• _EXERCISE GOAL_: Every line of the data must appear again in the answer, exactly as written.

[Short descriptive text snippets]
*** Block opens ***

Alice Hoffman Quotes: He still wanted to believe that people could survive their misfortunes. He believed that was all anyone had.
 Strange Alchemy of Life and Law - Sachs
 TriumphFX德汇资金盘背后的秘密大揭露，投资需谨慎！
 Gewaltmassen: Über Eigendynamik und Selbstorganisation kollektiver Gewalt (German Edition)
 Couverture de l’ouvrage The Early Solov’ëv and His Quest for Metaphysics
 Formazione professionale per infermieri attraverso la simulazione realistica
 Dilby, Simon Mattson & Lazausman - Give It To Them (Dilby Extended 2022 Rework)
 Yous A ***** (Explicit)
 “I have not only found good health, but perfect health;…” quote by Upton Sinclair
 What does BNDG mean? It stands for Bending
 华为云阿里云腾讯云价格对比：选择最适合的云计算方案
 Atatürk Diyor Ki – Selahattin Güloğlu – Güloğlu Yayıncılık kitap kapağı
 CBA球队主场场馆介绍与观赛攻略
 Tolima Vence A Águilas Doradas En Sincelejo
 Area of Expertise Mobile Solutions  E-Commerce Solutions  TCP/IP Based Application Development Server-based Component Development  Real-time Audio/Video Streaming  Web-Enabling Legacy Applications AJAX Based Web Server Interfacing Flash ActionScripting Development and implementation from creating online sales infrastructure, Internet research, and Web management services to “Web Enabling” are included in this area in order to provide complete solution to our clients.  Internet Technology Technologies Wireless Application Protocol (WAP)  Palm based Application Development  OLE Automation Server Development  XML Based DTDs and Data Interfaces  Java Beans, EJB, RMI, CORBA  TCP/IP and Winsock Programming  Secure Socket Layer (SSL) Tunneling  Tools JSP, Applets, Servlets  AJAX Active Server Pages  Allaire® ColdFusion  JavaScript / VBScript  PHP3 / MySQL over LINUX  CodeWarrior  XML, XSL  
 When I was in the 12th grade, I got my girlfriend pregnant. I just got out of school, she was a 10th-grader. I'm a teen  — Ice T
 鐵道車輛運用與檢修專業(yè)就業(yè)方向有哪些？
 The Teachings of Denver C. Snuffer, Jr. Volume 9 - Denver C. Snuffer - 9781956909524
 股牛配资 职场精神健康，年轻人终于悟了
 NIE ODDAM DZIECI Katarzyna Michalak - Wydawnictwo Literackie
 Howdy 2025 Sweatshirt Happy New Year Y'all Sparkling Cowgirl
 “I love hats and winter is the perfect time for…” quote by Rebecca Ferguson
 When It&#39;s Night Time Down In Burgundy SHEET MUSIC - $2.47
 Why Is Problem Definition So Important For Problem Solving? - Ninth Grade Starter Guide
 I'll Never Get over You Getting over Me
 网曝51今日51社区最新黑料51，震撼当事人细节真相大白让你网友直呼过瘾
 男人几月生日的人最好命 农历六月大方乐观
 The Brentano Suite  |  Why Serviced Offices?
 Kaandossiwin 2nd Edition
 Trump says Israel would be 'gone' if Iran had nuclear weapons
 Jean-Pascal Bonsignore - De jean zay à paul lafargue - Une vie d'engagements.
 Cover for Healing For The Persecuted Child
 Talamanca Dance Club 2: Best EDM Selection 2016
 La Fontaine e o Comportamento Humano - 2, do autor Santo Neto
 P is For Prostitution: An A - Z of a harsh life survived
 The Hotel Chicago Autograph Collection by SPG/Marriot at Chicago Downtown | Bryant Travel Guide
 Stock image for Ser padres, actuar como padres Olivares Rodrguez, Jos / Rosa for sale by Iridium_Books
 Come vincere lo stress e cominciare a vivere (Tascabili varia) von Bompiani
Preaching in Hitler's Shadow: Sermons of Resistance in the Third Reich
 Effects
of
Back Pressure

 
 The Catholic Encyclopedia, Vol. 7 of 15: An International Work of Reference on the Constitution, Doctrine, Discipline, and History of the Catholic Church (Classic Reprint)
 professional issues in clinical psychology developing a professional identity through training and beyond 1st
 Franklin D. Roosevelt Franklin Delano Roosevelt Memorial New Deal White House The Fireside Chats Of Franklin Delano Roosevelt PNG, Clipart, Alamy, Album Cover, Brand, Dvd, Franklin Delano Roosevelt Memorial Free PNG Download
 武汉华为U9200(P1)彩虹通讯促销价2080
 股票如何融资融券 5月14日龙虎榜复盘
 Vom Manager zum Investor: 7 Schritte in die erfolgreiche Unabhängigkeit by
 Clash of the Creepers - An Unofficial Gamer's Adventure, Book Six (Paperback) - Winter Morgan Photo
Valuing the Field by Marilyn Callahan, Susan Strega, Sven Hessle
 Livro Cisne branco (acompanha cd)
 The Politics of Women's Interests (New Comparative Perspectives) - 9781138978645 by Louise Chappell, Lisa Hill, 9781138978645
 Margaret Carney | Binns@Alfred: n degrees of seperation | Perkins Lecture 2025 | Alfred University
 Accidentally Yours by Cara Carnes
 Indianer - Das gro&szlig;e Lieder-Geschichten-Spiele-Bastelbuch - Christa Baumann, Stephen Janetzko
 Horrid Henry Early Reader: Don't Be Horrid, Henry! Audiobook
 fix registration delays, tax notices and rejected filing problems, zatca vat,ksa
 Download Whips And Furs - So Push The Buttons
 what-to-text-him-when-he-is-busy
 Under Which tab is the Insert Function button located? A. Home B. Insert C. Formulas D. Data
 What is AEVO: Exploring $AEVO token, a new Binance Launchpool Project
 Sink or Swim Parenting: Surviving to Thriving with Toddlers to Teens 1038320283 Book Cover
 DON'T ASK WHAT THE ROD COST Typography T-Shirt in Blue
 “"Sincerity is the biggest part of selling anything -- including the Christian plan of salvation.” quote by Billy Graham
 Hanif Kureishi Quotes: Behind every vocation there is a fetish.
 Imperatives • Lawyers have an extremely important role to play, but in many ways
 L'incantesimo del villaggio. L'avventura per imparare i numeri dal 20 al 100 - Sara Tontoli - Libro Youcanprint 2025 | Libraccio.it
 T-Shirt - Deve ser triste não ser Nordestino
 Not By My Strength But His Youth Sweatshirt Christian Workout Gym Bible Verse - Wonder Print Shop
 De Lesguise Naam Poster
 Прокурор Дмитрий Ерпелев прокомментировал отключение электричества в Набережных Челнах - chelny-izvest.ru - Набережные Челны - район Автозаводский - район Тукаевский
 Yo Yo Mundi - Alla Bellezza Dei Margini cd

*** Block closes ***

• _ANSWER_:
Alice Hoffman Quotes: He still wanted to believe that people could survive their misfortunes. He believed that was all anyone had.
 Strange Alchemy of Life and Law - Sachs
 TriumphFX德汇资金盘背后的秘密大揭露，投资需谨慎！
 Gewaltmassen: Über Eigendynamik und Selbstorganisation kollektiver Gewalt (German Edition)
 Couverture de l’ouvrage The Early Solov’ëv and His Quest for Metaphysics
 Formazione professionale per infermieri attraverso la simulazione realistica
 Dilby, Simon Mattson & Lazausman - Give It To Them (Dilby Extended 2022 Rework)
 Yous A ***** (Explicit)
 “I have not only found good health, but perfect health;…” quote by Upton Sinclair
 What does BNDG mean? It stands for Bending
 华为云阿里云腾讯云价格对比：选择最适合的云计算方案
 Atatürk Diyor Ki – Selahattin Güloğlu – Güloğlu Yayıncılık kitap kapağı
 CBA球队主场场馆介绍与观赛攻略
 Tolima Vence A Águilas Doradas En Sincelejo
 Area of Expertise Mobile Solutions  E-Commerce Solutions  TCP/IP Based Application Development Server-based Component Development  Real-time Audio/Video Streaming  Web-Enabling Legacy Applications AJAX Based Web Server Interfacing Flash ActionScripting Development and implementation from creating online sales infrastructure, Internet research, and Web management services to “Web Enabling” are included in this area in order to provide complete solution to our clients.  Internet Technology Technologies Wireless Application Protocol (WAP)  Palm based Application Development  OLE Automation Server Development  XML Based DTDs and Data Interfaces  Java Beans, EJB, RMI, CORBA  TCP/IP and Winsock Programming  Secure Socket Layer (SSL) Tunneling  Tools JSP, Applets, Servlets  AJAX Active Server Pages  Allaire® ColdFusion  JavaScript / VBScript  PHP3 / MySQL over LINUX  CodeWarrior  XML, XSL  
 When I was in the 12th grade, I got my girlfriend pregnant. I just got out of school, she was a 10th-grader. I'm a teen  — Ice T
 鐵道車輛運用與檢修專業(yè)就業(yè)方向有哪些？
 The Teachings of Denver C. Snuffer, Jr. Volume 9 - Denver C. Snuffer - 9781956909524
 股牛配资 职场精神健康，年轻人终于悟了
 NIE ODDAM DZIECI Katarzyna Michalak - Wydawnictwo Literackie
 Howdy 2025 Sweatshirt Happy New Year Y'all Sparkling Cowgirl
 “I love hats and winter is the perfect time for…” quote by Rebecca Ferguson
 When It&#39;s Night Time Down In Burgundy SHEET MUSIC - $2.47
 Why Is Problem Definition So Important For Problem Solving? - Ninth Grade Starter Guide
 I'll Never Get over You Getting over Me
 网曝51今日51社区最新黑料51，震撼当事人细节真相大白让你网友直呼过瘾
 男人几月生日的人最好命 农历六月大方乐观
 The Brentano Suite  |  Why Serviced Offices?
 Kaandossiwin 2nd Edition
 Trump says Israel would be 'gone' if Iran had nuclear weapons
 Jean-Pascal Bonsignore - De jean zay à paul lafargue - Une vie d'engagements.
 Cover for Healing For The Persecuted Child
 Talamanca Dance Club 2: Best EDM Selection 2016
 La Fontaine e o Comportamento Humano - 2, do autor Santo Neto
 P is For Prostitution: An A - Z of a harsh life survived
 The Hotel Chicago Autograph Collection by SPG/Marriot at Chicago Downtown | Bryant Travel Guide
 Stock image for Ser padres, actuar como padres Olivares Rodrguez, Jos / Rosa for sale by Iridium_Books
 Come vincere lo stress e cominciare a vivere (Tascabili varia) von Bompiani
Preaching in Hitler's Shadow: Sermons of Resistance in the Third Reich
 Effects
of
Back Pressure

 
 The Catholic Encyclopedia, Vol. 7 of 15: An International Work of Reference on the Constitution, Doctrine, Discipline, and History of the Catholic Church (Classic Reprint)
 professional issues in clinical psychology developing a professional identity through training and beyond 1st
 Franklin D. Roosevelt Franklin Delano Roosevelt Memorial New Deal White House The Fireside Chats Of Franklin Delano Roosevelt PNG, Clipart, Alamy, Album Cover, Brand, Dvd, Franklin Delano Roosevelt Memorial Free PNG Download
 武汉华为U9200(P1)彩虹通讯促销价2080
 股票如何融资融券 5月14日龙虎榜复盘
 Vom Manager zum Investor: 7 Schritte in die erfolgreiche Unabhängigkeit by
 Clash of the Creepers - An Unofficial Gamer's Adventure, Book Six (Paperback) - Winter Morgan Photo
Valuing the Field by Marilyn Callahan, Susan Strega, Sven Hessle
 Livro Cisne branco (acompanha cd)
 The Politics of Women's Interests (New Comparative Perspectives) - 9781138978645 by Louise Chappell, Lisa Hill, 9781138978645
 Margaret Carney | Binns@Alfred: n degrees of seperation | Perkins Lecture 2025 | Alfred University
 Accidentally Yours by Cara Carnes
 Indianer - Das gro&szlig;e Lieder-Geschichten-Spiele-Bastelbuch - Christa Baumann, Stephen Janetzko
 Horrid Henry Early Reader: Don't Be Horrid, Henry! Audiobook
 fix registration delays, tax notices and rejected filing problems, zatca vat,ksa
 Download Whips And Furs - So Push The Buttons
 what-to-text-him-when-he-is-busy
 Under Which tab is the Insert Function button located? A. Home B. Insert C. Formulas D. Data
 What is AEVO: Exploring $AEVO token, a new Binance Launchpool Project
 Sink or Swim Parenting: Surviving to Thriving with Toddlers to Teens 1038320283 Book Cover
 DON'T ASK WHAT THE ROD COST Typography T-Shirt in Blue
 “"Sincerity is the biggest part of selling anything -- including the Christian plan of salvation.” quote by Billy Graham
 Hanif Kureishi Quotes: Behind every vocation there is a fetish.
 Imperatives • Lawyers have an extremely important role to play, but in many ways
 L'incantesimo del villaggio. L'avventura per imparare i numeri dal 20 al 100 - Sara Tontoli - Libro Youcanprint 2025 | Libraccio.it
 T-Shirt - Deve ser triste não ser Nordestino
 Not By My Strength But His Youth Sweatshirt Christian Workout Gym Bible Verse - Wonder Print Shop
 De Lesguise Naam Poster
 Прокурор Дмитрий Ерпелев прокомментировал отключение электричества в Набережных Челнах - chelny-izvest.ru - Набережные Челны - район Автозаводский - район Тукаевский
 Yo Yo Mundi - Alla Bellezza Dei Margini cd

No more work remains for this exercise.